A group of Pajaro Valley High School graduates mingle as they wait for the rest of their class to arrive at the commencement ceremony Thursday. —Johanna Miller

Adriana Reyes was 15 years old and alone when she moved from Oaxaca, Mexico to Watsonville and enrolled at Pajaro Valley High School (PVHS).

Then, she only spoke Mixtec, an indigenous language from Mexico, and barely knew Spanish—let alone English. Reyes moved in with her father, who had arrived in California a year prior. He urged her to immediately start working. But Reyes had other plans.

“I wanted to study and learn,” she said. “I wanted to go to high school.”

Four years later, Reyes is trilingual, graduating, with plans to go to college and travel abroad. Much of her success, she says, is thanks to the supportive teachers and staff at PVHS.

“This school is great,” she said. “I met a lot of people who helped me. I hadn’t had a lot of emotional support before. I felt very alone. My teachers were really nice to me and I made some friends.”

Reyes said that her main challenge was the language barrier.

“I had to study Spanish, and at the same time learn English,” she said. “It was really difficult. But I had some great teachers. Miss [Adriana] Ybarra, my English teacher … She’s the best. She was the first one who helped me when I got here. She supported me in lots of ways.”

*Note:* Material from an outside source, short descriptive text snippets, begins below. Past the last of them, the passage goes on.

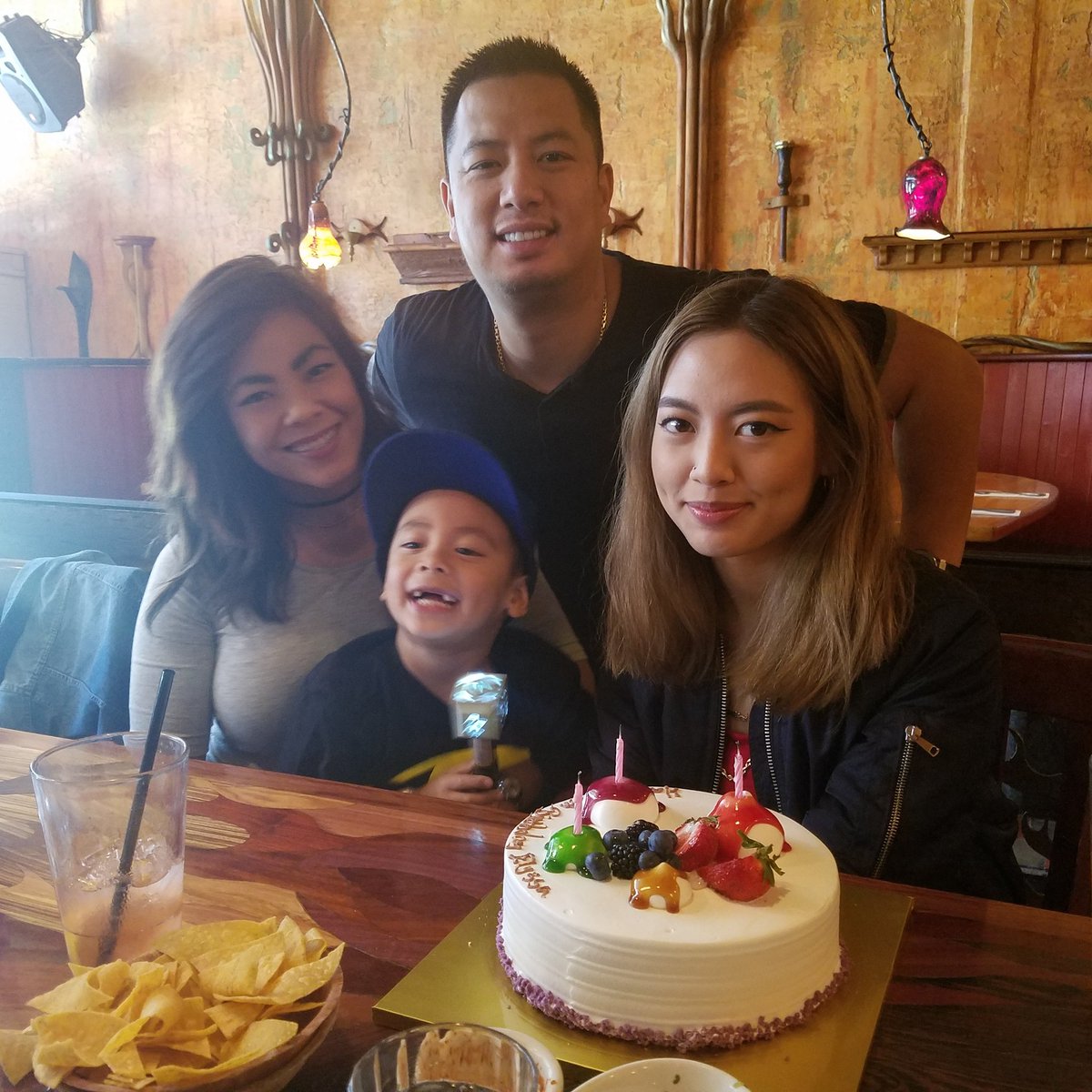 thequan206's tweet photo. Happy 19th Birthday to our lovely daughter. Our gift is to helped her #stayvacationed #nytrip #parentspaid #dri https://t.co/iOTy0zqCef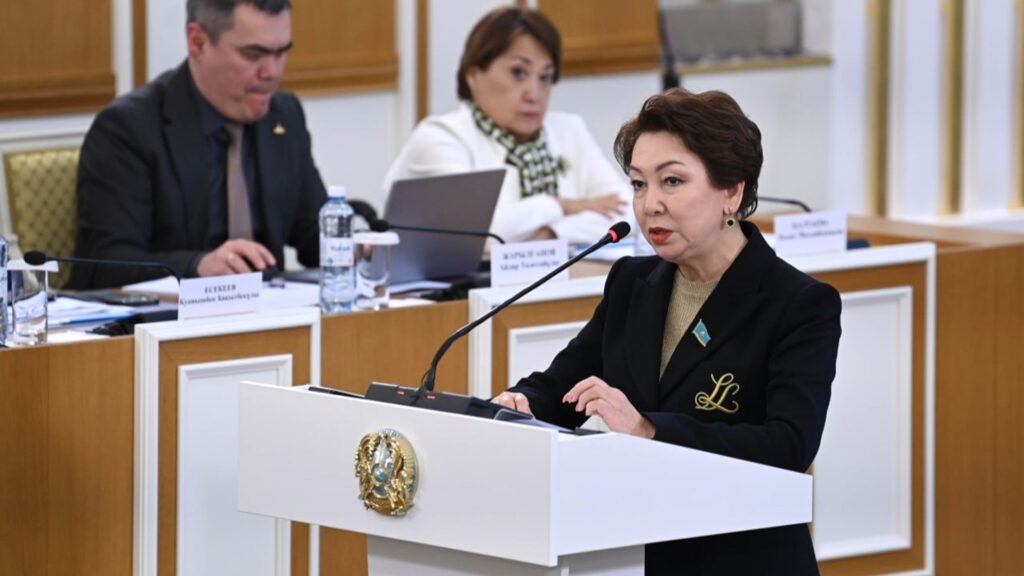 Мәжіліс вице-спикері жаңа Конституция қабылдауды ұсынды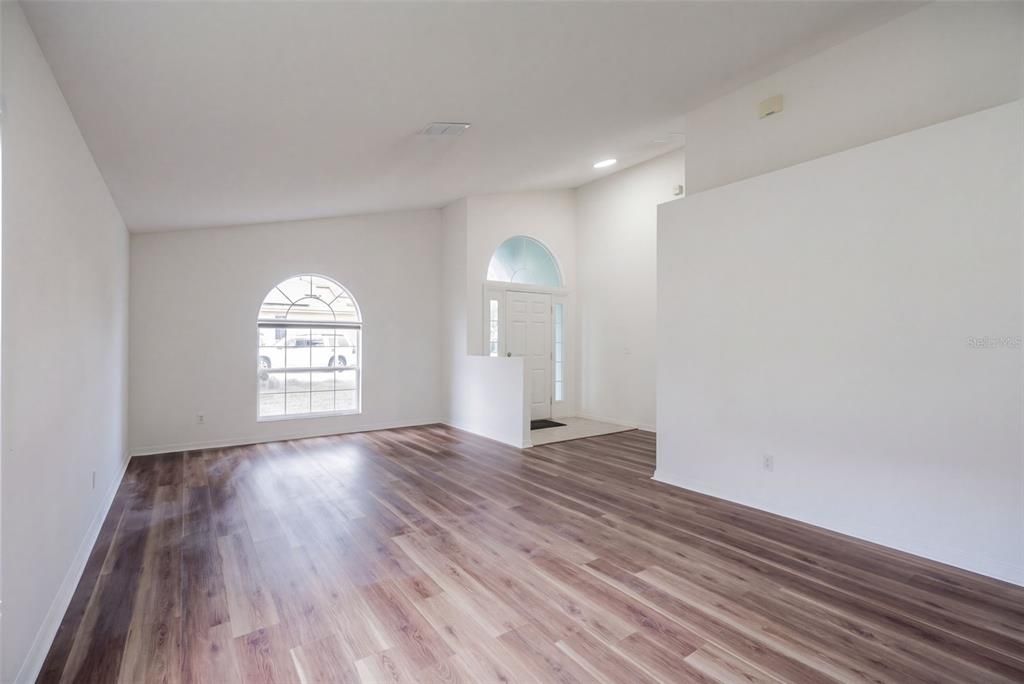 En Venta: $344,900 (3 camas, 2 baños, 1902 Pies cuadrados)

Reyes also highlighted assistant principal Juanita Aguilera for helping her find resources like clothing, school supplies and more. History teacher Maria Rodriguez was also a standout, she said.

“[Rodriguez] helped me when I needed someone to talk to,” Reyes said. “I’m first generation, so it was difficult to learn how things worked. I told her what I wanted to do next, and she always helped me.”

PV High School graduate Adriana Reyes

Reyes joined her fellow PVHS graduates at their commencement on June 2. The ceremony was held on the school’s new athletic field, with graduates filing down the bleachers through cheering friends and family.

The ceremony included speeches from Valedictorian Brenda Tapia-Tapia, Salutatorians Emily Contreras-Morales and Ariana Ramirez-Chavez, principal Consuelo Mason and many others.

Cynthia Lopez-Fernandez, another PVHS graduate, said her four years at the school flew by. She, like Reyes, came in directly as a freshman.

“It passed really fast,” she said. “I wasn’t really involved my first couple years, but after the pandemic I joined clubs and did volunteering. Senior year, I did even more, working in leadership groups.”

Lopez-Fernandez lauded Alejandro “Alex” Melchor, lead college facilitator at the Early Academic Outreach Program (EAOP), for his help in preparing her for college. EAOP works with students at underserved schools with everything from academic advising to financial aid.

“Alex helped me with applications, questions I had about college life,” she said. “It’s a big change for me. I was a first generation student so I didn’t have anyone to ask those questions. But I had Alex.”

PV High School graduate Cynthia Lopez-Fernandez

Math is Lopez-Fernandez’s favorite subject. In her final year at PVHS, she took AP Calculus from math teacher Cecilia Navarro, who she called “very helpful … She really knew how to teach the subject.”

Lopez-Fernandez will be attending UC Santa Cruz (UCSC) in the Fall. She plans to study sociology and hopefully become either an academic counselor or a social worker.

“I just want to be someone who can work and help students and the community,” she said.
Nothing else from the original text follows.